Is there a way I can use a graph or nodes and apply functions which connect the nodes (A->C)
What is this concept so I can read up more on it?
You could implement something complicated with object oriented programming, but to keep things simple I propose to store all different types of coordinates as structs that all have a member type and whatever other members needed for that particular type of coordinate.
You could then define all your conversion functions that do a single step to all have the same function signature function out_coord = A2B(in_coord), e.g.:
function cart = sphere2cart(sphere)
assert(strcmp(sphere.type, 'sphere')) % make sure input is correct type
cart.type = 'cart';
cart.x = sphere.R * sin(sphere.theta) * cos(sphere.omega);
cart.y = sphere.R * sin(sphere.theta) * sin(sphere.omega);
cart.z = sphere.R * cos(sphere.theta);
These functions can be called from one universal convert function like this:
function output_coord = convert(input_coord, target_type)
output_coord = input_coord;
while ~strcmp(output_coord.type, target_type)

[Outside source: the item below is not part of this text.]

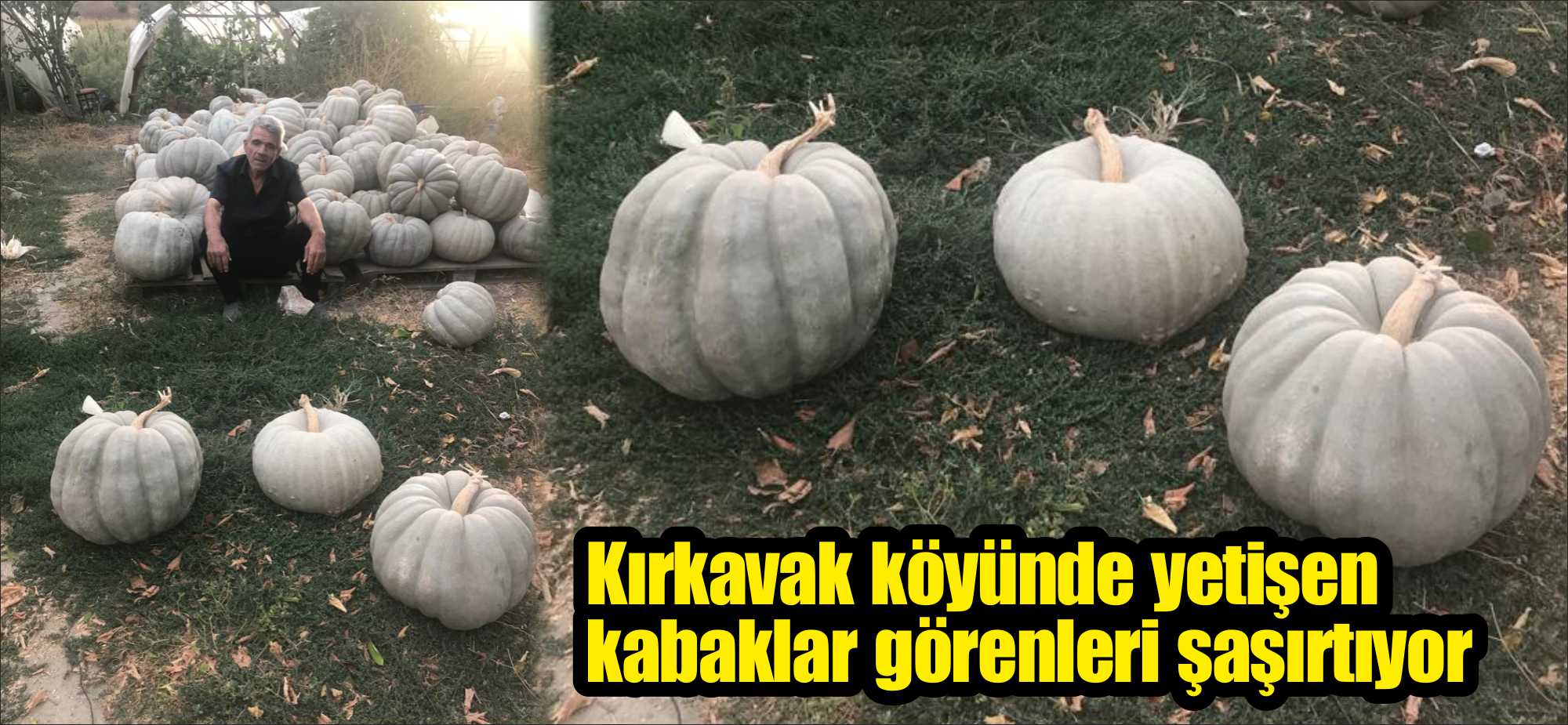 Sebze-meyvecilik denince ilçemizde ilk akla gelen köy olan Kırkavak köyü
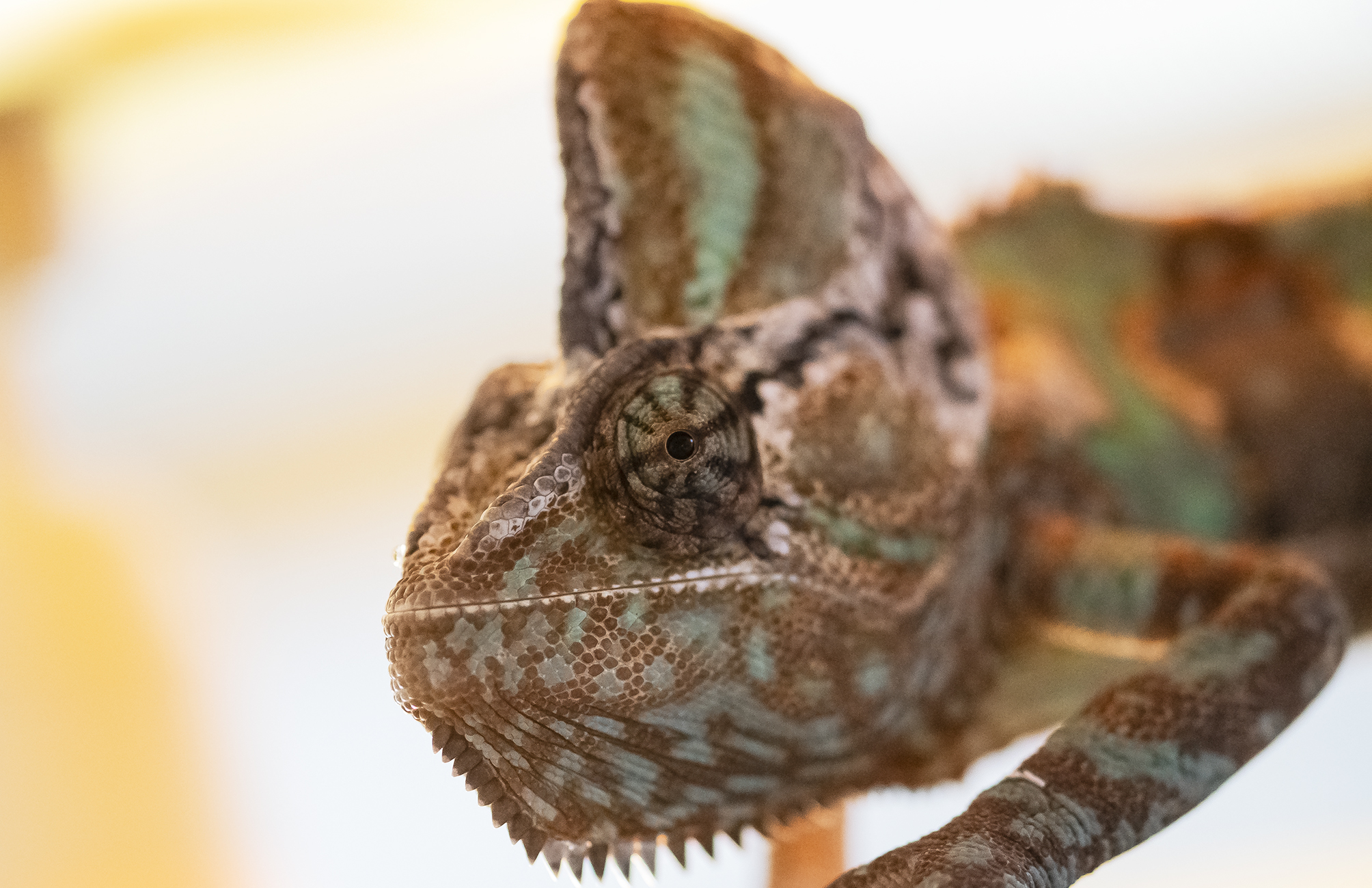 Chamaeleo calyptratus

func = get_next_conversion_func(input_coord.type, target_type);
output_coord = func(output_coord);
end
which does one conversion step at a time, until output_coord has the correct type. The only missing step is then a function that determines which conversion to do next, based on the current type and the target type. In your case with a 'linear' conversion chain, this is not so hard. In more complex cases, where the types are connected in a complex graph, this might require some shortest path algorithm. Unfortunately, this is a bit cumbersome to implement in Matlab, but one hard-coded solution might be something like:
function func = get_next_conversion_func(current_type. target_type);
switch current_type
case 'A'
func = #A2B;
case 'B'
switch target_type
case 'A'
func = #B2A;
case {'C','D','E'}
func = #B2C;
end
case 'C'
switch target_type
case {'A','B'}
func = #C2B;
case {'D','E'}
func = #C2D;
end
...
end
For sure, there are smarter ways to implement this, this is basically a dispatch table that says in which direction to go based on the current type and the target type.
EDIT
Following Jonas' suggestion of doing all conversions via one central type (let's say C), all of this can be simplified to
function output_coord = convert(input_coord, target_type)
output_coord = input_coord;
if strcmp(output_coord.type, target_type)
return % nothing to convert
end
if ~strcmp(output_coord.type, 'C')
switch output_coord.type
case 'A'
output_coord = A2C(output_coord)
case 'B'
output_coord = B2C(output_coord)
case 'D'
output_coord = D2C(output_coord)
case 'E'
output_coord = E2C(output_coord)
end
end
assert(strcmp(output_coord.type, 'C'))
if ~strcmp(output_coord.type, target_type)
switch target_type
case 'A'
output_coord = C2A(output_coord)
case 'B'
output_coord = C2B(output_coord)
case 'D'
output_coord = C2D(output_coord)
case 'E'
output_coord = C2E(output_coord)
end
end
In your current logic, A <-> B <-> C <-> D <-> E <-> F <-> G <-> H, you will have to write 14 functions for converting (if A->B and B->A count as two).
I suggest that instead, you choose one reference coordinate system, say, A and write the functions A<->B, A<->C, etc.
This solution requires you to write the same number of functions as your solution, but the logic becomes trivial. Furthermore, each conversion takes a maximum of two conversion steps, which will avoid accumulating round-off errors when you perform a chain of conversions.